Legal cases involving cryptocurrency are known to be tricky due to vague crypto regulations or existing regulatory loopholes when laws do not provide an all-encompassing guideline to govern crypto and crypto-related businesses. So far, only a handful of countries have properly and legally classified Bitcoin; Japan was the first to recognize Bitcoin as money in 2016, while Wyoming in the United States classified cryptocurrencies as money in early 2019.
The French court had to take a stand on Bitcoin as a result of a legal dispute between a France-based crypto exchange platform Paymium, and alternative asset investment firm Bitspread, which is based in the United Kingdom. Both companies are in conflict over $350,000 worth of Bitcoin Cash (BCH), which Bitspread earned from the hard forking of BTC in 2017 following a loan of 1000 BTC by Paymium in 2014.
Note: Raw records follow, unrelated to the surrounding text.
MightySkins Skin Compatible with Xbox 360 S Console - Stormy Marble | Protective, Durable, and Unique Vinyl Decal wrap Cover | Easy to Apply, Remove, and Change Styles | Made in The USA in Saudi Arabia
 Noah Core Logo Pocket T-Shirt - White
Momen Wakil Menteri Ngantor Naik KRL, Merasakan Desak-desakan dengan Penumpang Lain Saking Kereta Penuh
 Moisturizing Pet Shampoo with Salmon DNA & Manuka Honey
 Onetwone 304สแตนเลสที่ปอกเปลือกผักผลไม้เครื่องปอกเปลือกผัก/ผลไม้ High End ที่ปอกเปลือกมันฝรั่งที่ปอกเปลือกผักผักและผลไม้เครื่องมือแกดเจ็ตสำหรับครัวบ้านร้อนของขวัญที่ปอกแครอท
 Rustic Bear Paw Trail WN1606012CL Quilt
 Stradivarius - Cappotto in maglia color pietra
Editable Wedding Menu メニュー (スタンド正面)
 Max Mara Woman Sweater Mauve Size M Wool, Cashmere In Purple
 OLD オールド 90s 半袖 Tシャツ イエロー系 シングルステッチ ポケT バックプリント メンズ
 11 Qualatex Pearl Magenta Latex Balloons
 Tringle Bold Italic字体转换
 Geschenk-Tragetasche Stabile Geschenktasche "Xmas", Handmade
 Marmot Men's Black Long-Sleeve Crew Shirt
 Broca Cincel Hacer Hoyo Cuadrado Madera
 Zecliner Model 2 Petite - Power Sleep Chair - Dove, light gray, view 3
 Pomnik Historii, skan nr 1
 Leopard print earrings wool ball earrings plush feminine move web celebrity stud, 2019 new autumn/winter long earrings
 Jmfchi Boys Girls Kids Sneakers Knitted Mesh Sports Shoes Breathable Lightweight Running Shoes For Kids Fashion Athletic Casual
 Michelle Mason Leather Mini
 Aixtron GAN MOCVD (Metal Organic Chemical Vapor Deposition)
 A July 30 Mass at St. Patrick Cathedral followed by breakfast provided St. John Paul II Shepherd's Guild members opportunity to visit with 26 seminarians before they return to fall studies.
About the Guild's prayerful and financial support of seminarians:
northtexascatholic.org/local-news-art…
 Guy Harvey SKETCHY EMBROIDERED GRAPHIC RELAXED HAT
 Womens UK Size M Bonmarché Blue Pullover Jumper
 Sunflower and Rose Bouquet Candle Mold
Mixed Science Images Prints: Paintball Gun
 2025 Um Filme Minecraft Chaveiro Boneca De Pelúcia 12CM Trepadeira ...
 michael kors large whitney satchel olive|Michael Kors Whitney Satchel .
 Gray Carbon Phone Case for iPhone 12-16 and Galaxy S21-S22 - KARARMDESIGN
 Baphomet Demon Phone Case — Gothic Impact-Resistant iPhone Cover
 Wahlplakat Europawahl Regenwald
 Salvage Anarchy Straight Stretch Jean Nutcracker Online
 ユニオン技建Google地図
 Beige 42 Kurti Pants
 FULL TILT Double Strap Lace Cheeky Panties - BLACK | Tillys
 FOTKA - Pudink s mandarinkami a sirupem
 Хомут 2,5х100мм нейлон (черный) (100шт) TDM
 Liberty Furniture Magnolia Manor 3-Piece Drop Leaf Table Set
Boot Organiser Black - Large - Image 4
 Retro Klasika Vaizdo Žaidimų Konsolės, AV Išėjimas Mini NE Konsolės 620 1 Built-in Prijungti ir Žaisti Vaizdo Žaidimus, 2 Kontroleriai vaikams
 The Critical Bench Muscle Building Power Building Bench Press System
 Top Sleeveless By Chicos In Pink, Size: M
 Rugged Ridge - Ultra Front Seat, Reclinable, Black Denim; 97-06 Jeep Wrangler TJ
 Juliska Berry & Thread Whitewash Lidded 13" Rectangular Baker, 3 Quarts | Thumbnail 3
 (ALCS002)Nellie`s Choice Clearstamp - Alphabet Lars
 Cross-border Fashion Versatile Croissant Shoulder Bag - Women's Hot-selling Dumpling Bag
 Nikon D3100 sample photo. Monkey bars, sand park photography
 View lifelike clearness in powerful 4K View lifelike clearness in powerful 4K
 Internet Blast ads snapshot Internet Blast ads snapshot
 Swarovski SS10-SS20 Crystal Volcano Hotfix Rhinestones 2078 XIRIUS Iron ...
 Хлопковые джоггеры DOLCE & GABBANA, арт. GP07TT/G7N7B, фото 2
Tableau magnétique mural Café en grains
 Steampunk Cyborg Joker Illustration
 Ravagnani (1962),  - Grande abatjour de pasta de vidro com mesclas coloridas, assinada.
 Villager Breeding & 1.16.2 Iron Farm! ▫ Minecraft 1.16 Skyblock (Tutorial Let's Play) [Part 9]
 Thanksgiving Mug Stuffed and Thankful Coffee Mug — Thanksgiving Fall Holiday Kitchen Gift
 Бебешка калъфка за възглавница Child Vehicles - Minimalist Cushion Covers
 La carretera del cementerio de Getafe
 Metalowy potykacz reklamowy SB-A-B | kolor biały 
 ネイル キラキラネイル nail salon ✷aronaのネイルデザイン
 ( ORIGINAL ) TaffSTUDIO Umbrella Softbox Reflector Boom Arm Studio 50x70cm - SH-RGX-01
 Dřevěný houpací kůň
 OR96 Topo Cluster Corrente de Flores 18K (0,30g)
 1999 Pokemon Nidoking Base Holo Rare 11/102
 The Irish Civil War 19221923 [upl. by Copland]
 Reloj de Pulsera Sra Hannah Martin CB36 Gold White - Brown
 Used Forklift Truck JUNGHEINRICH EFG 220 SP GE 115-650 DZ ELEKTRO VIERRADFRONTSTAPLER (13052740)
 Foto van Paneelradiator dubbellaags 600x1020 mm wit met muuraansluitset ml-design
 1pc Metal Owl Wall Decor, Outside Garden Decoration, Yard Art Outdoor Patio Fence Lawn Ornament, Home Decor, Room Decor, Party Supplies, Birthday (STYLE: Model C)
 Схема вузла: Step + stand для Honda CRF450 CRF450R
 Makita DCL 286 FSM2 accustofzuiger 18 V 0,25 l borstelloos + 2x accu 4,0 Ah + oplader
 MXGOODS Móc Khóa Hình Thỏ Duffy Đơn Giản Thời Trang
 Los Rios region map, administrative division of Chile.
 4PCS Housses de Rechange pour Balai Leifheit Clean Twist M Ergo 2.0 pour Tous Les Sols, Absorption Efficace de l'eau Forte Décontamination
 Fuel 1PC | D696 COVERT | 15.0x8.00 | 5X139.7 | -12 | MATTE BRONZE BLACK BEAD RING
The legal classification of Bitcoin was thus paramount for the court to make a decision on the dispute. As the court has chosen to classify Bitcoin as a fungible asset akin to fiat currency, loans in Bitcoin can be considered a “consumer loan”, which means that “ownership property” belongs to the borrowing party during the lease period. Therefore, Paymium does not have any right to claim the BCH earned by Bitspread in 2017, and is comparable to shareholders of a company owning dividends.
“The scope of this decision is considerable because it allows bitcoin to be treated like money or other financial instruments. It will therefore facilitate bitcoin transactions, such as lending or repo transactions, which are growing, and thus favor the liquidity of the cryptocurrency market,” says Hubert de Vauplane, a lawyer specializing at Kramer & Levin.